Basically, I want to make sure that I didn't forget anything with this question. If you have other sources which explain this kind of thought, please share them with me.

(a) Training

For training with ADAM, I will now assume that I have a Mini-batch size of $B \in \mathbb{N}$ and $w \in \mathbb{N}$ is the number of parameters of the CNN. Then the memory footprint (the maximum amount of memory I need at any point while training) for a single training pass is:

  • $2w$: Keep the weights and the weight updates in memory
  • $B \cdot $ Size of all generated feature maps (forward pass)
  • $w$: Gradients for each weight (backpropagation)
  • $w$: Learning rates for each weight (ADAM)

(b) Inference

In inference, it is not necessary to store a feature map of layer $i-1$ if the feature maps of layer $i$ are already calculated. So the memory footprint while inference is:

  • $w$: The model
  • The two most expensive successive layers (one which is already calculated, the net one which gets calculated)
Ethan
  • 1,657
  • 9
  • 25
  • 39
Martin Thoma
  • 19,540
  • 36
  • 98
  • 170

1 Answers1

2

Total RAM would be - Batch size X RAM to train one image (since backpropagation happens after the batch)
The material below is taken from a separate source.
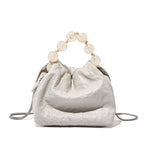 White bone colour textured small handbag with beaded handle on a white background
RAM for one training image -

A/ 4 Bytes X Number of parm

B/ Size of input for each layer considering downsampling and number of features map

(Suppose input are 200 × 300 pixels, the first layer’s feature maps might be 100 × 150, the second layer’s feature maps can be 50 × 75, and the third layer’s feature maps can be 25 × 38. The first convolutional layer has 100 feature maps, this first layer takes up 4 × 100 × 150 × 100 = 6 million bytes (6 MB). The second layer will take up 4 × 50 × 75 × 200 = 3 million bytes (3 MB).

C/ Size for the input image

10xAI
  • 5,929
  • 2
  • 9
  • 25